Redoks atomların oksidasyon durumlarının değiştiği bir tür kimyasal reaksiyondur. Redoks reaksiyonları, kimyasal türler arasında elektronların fiili veya biçimsel aktarımı ile karakterize edilir, çoğunlukla bir tür oksidasyona, diğer türler indirgemeye uğrar. Elektronun çıkarıldığı kimyasal türlerin indirgenmiş olduğu söyleniyor. Başka bir deyişle:
- Oksidasyon, elektronların bir atom ya da molekülden ayrılmasını sağlayan kimyasal tepkimedir.
- Redüksiyon, bir atomun elektron almasını sağlayan kimyasal tepkimedir.
Galvaniz, 450-455 derecedeki erimiş çinkonun içine daldırılan çeliğin kaplanmasına denir. Çinko, demirle kuvvetli bağlar yaparak üçlü bir faz tabakası meydana getirir.
Oksit, içeriğinde en az bir adet oksijen atomu ve en az bir adet başka element içeren bileşiklere verilen genel isimdir. Soy gazlar oksitleri oluşturmazlar. OF2 ve KMnO4 oksit değildir.
Paslanmaz çelik, bileşiminde minimum %10,5 ve üzeri krom ve %1,2'den az karbon içeren ve korozyona karşı dayanıklılığı ile bilinen bir çelik alaşımıdır.
Yükseltgen madde bir yükseltgenme-indirgenme (redoks) reaksiyonunda başka bir türden bir elektron alan element ya da bileşiktir. Yükseltgen maddelerin elektron kazandıklarından dolayı indirgendikleri söylenebilir.
Ayrışma, çözünme veya günlenme, yerkabuğunu oluşturan kayaçların yüzey kısımlarında fiziksel ve kimyasal etkenlerle meydana gelen değişimlerdir.

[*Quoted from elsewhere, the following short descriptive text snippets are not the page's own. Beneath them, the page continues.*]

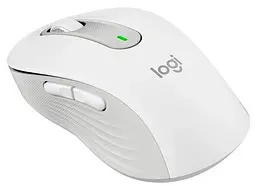 Мишка Logitech Signature M650 Wireless for Business Off-White (910-006275) - мініатюра 3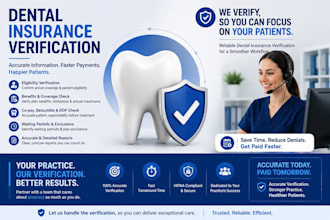 do dental insurance verification and benefits breakdowns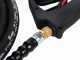 Annovi &amp; Reverberi 6640N - Nettoyeur haute pression &agrave; eau chaude - 150 bar - 600 L/h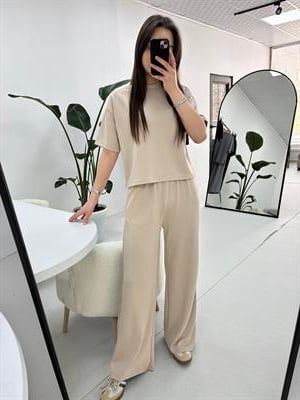 Orijinal Marka Basic Taş  Takım 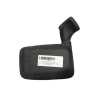 Recambio de retrovisor izquierdo para renault 4 berlina/familiar/furgoneta gtl (r 1128) referencia OEM IAM  MANUAL 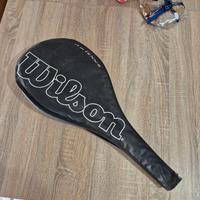 coppia Racchette da tennis Wilson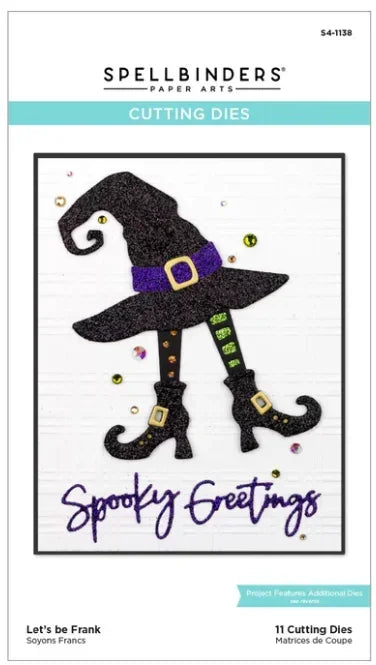 Halloween 2025 NEW Cutting Dies Scrapbook Diary Decoration Stencil Embossing Template DIY Greeting Card Handmade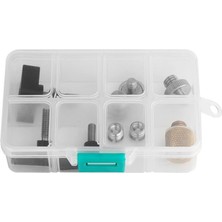 Smallrig 3995 Vida  Kanat Somunu Seti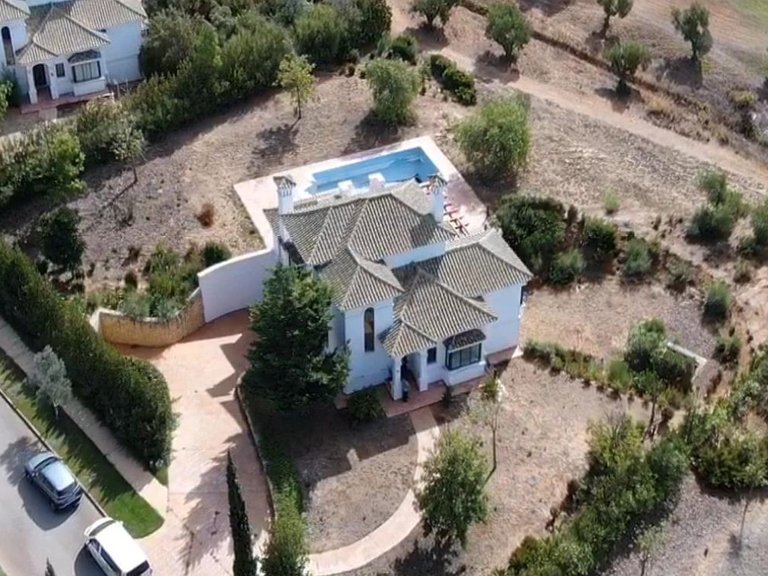 Villa for Sale in Costa de la Luz (Cadiz) Cadiz, Cadiz 18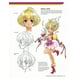 thumbnail image 5 of Dibujar Y Colorear - Caras. Anime Y Manga, 5 of 7
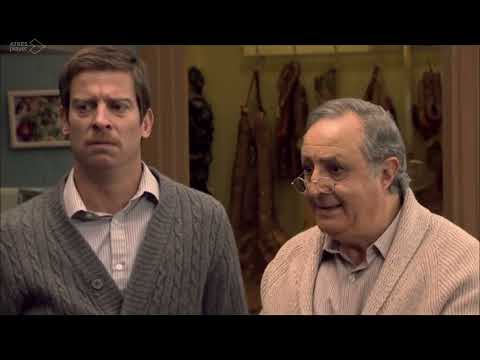 Amar C512 - Marcelino y Pelayo evitan que Manolita se entere de todo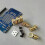 1Set Test Demo Board Ersatz Teile Nanovna Testboard Kit VNA Test Demo Board Vector Network Analyzer 3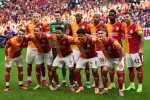 Galatasaray ile Kayserispor 60. randevuda 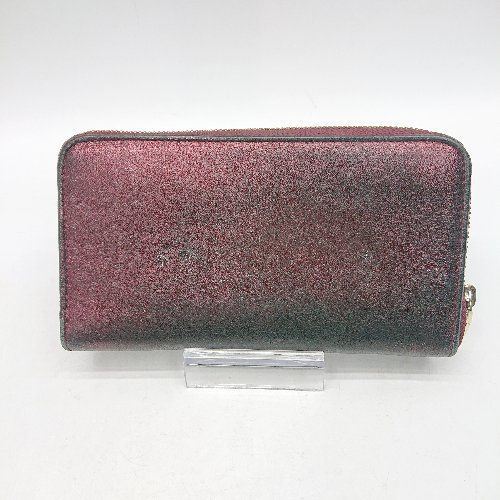◇ GOLDEN GOOSE ゴールデングース スター 星 カード入れ 長財布
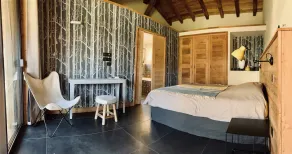 Contemporary chalet for 10 people - Image 4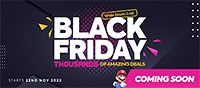 CDKeys Black Friday Sale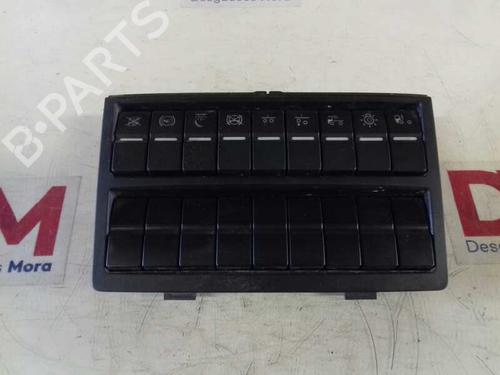 Used Switch Switch MAN TGX I [2006-2026] 34402766 34402766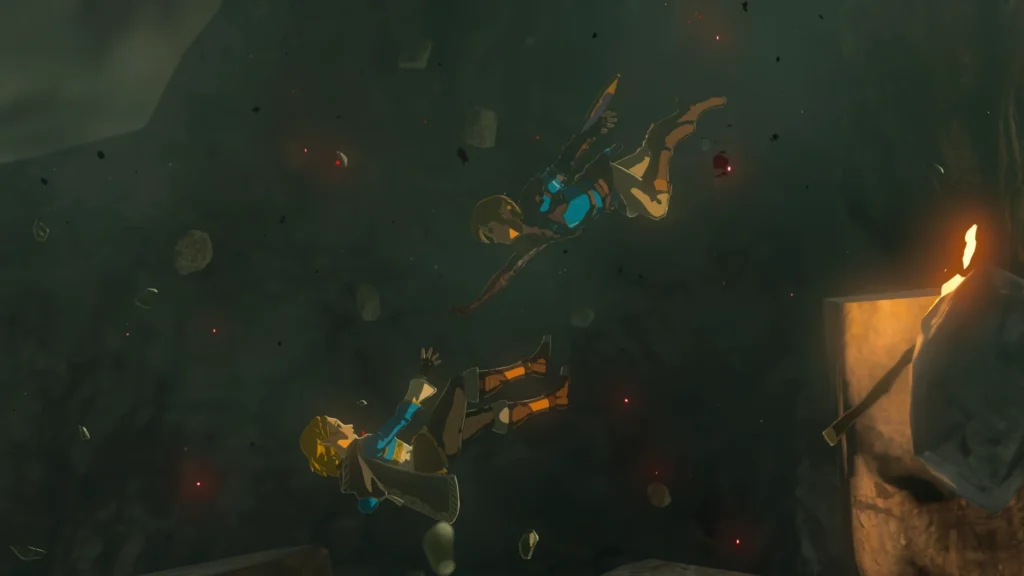 Enhanced Editions of The Legend of Zelda Breath of the Wild and Tears of the Kingdom Launch with Nintendo Switch 2 27 Enhanced Editions of The Legend of Zelda Breath of the Wild and Tears of the Kingdom Launch with Nintendo Switch 2 27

Bu etkenlerin yanında atmosferdeki gazlar, sıcaklık, su, organizmalar da ayrışmada etkilidir.
Aktinyum(III) oksit, az görülen radyoaktif element olan aktinyumun metalik oksitlenmesiyle oluşan bir bileşiktir. Aktinyum(III) oksitin formülü Ac2O3'tür. Bu oksit aktinyum oksalatın 1000-1100 derecede kızdırılmasıyla elde edilir. Lantan(III) oksit ile benzerlik gösterir. Hegzagonal ve kristal bir yapıya sahiptir. Yükseltgenme seviyesi +3'tür. Yoğunluğu 9.2g/ml, erime noktası 1977 °C dir. Görünümü beyazdır. Bu element Ac2O (Asetik anhidrit) ile karışmamalıdır. Buradaki Ac asetil grubunda bulunmaktadır. Diğer adları aktinyum seskioksit ile diaktinyum trioksittir.
316L kalite paslanmaz çelik östenitik paslanmaz çelik çeşitleri için işareti “316L” olan standarttır ve bu, bu çeliğin,% 16-18 krom,% 10-14 nikel içeren düşük karbonlu deniz sınıfı paslanmaz çelik alt türü olduğunu gösterir % 2.0-3.0 molibden ve ağırlıkça% 0.03 karbon,% 2 manganez,% 0.75 silikon,% 0.045 fosfor,% 0.03 kükürt ve ağırlığa göre% 0.1 azot ihtiva eden ve geri kalan kısmı tamamen demirden oluşan. Uzun yıllar boyunca tıbbi cihazlar ve implantlar için en çok tercih edilen maddelerden biriydi fakat korozyona karşı daha büyük dirençlerinin yanı sıra titanyum ve kobalt-krom alaşımlarının biyolojik olarak daha iyi uyumlu olması, 316L'nin lehine sonuç vermesine neden oldu.
Alüminyum oksit alüminyumun oksijen ile kolayca tepkimesiyle oluşmakta ve genellikle aşındırıcı olarak kullanılmaktadır.
Demir (III) klorür FeCl
3 formüllü inorganik bir bileşiktir. Kristal bir katı olmasının yanı sıra görüş açısına bağlı olarak farklı renklerle gözlemlenebilir; koyu yeşil, mor-kırmızı. Sulu formu da katı formu da fiziksel görünüm olarak koyu kahverengi rengindedir.
Fenton reaktifi kirleticileri veya atık suları oksitlemede kullanılan, katalizör olarak demir içeren bir demir bileşiği (genellikle demir (II) sülfat, FeSO4) ile hidrojen peroksitin (H2O2) bir çözeltisidir. Fenton reaktifi, trikloroetilen (TCE) ve tetrakloroetilen (perkloroetilen, PCE) gibi organik bileşikleri yok etmek için kullanılabilir. 1890'larda Henry John Horstman Fenton tarafından analitik bir reaktif olarak geliştirilmiştir.